By 16 or 17 he studied vocal pedagogy in Seth Riggs's studio. He became a junior partner in the studio but soon founded his own studio and took some of Riggs's clients. He was initially interested in a career in opera, but developed a passion for working with pop musicians after coaching The Beach Boys, Chicago, and The 5th Dimension. Today he owns Voice Place Inc.

Love is notable for working with Gwen Stefani, Selena Gomez, John Mayer, and Eminem.

Love has worked as a vocal consultant on major Hollywood films including A Star Is Born (2018), Crazy Heart, Southland Tales, Walk the Line, and Begin Again; coaching actors such as Keira Knightley, Reese Witherspoon, Joaquin Phoenix, and Bradley Cooper. Many of them have won Grammy Award, Screen Actors Guild Awards, and Academy Awards after working with Love.

Love has been a featured cast member on TV shows such as Popstars (WB), Rock Star INXS (CBS), Sing Your Face Off (ABC) and ENCORE (Disney+).

Love has also developed a method for increasing clarity and confidence when speaking, and has coached executives and personalities including Tony Robbins and Tyra Banks.

Method 
Love’s vocal method focuses on diaphragmatic breathing, daily vocal exercises, and bridging the head voice and chest voice via the “middle voice”. Love analyzes his clients’ voices by asking them to sing a musical scale that includes very low and very high notes.

Personal life 
Love was born around 1969-1970 in Los Angeles in a Jewish working-class family. He started singing in a Synagogue Temple Beth Am guided by the Cantor Allan Michelson. Later he worked and a fill-in cantor at Burbank Temple Emanu El. Love is married to Miyoko Love and has two children Madison Emiko Love, a Japanese-American songwriter and vocalist, and Colin Makoto Love.
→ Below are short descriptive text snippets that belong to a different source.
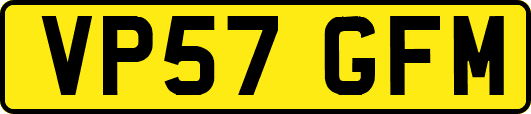 VP57GFM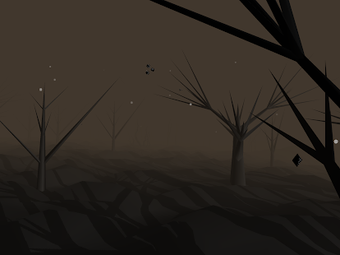 Imagen 2 para PolyFauna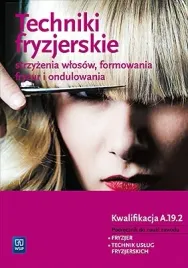 techniki-fryzjerskie-strzyzenia-wlosow-formowania-fryzur-i-ondulowania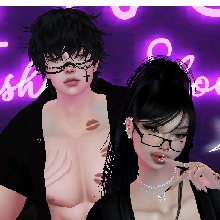 Zystar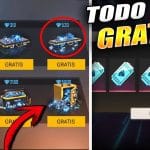 descubre cuanto dinero necesitas para obtener 500 diamantes en free fire la solucion definitiva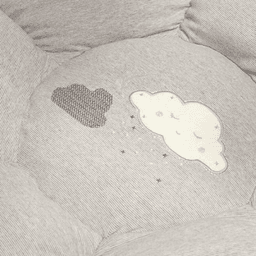mamas-and-papas-thumbnail-2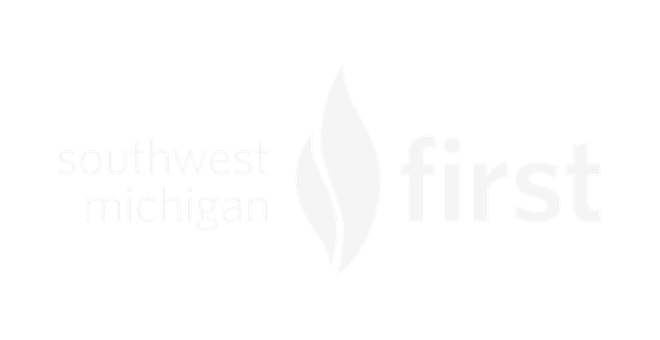 Southwest Michigan First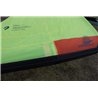 Slingshot Ghost V3 Schoolkites 2024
Love lives in Los Angeles and owns a dog, Gigi.

Love has been featured in the Los Angeles Times and HuffPost, and on Larry King Now,  Rachael Ray and Nightline.

Bibliography

Discography

Filmography

References

External links 
 
 Official website

Living people
American vocal coaches
American Jews
Vocal coaches
Voice teachers
People from Los Angeles
Writers from Los Angeles
American writers
21st-century American writers
Year of birth missing (living people)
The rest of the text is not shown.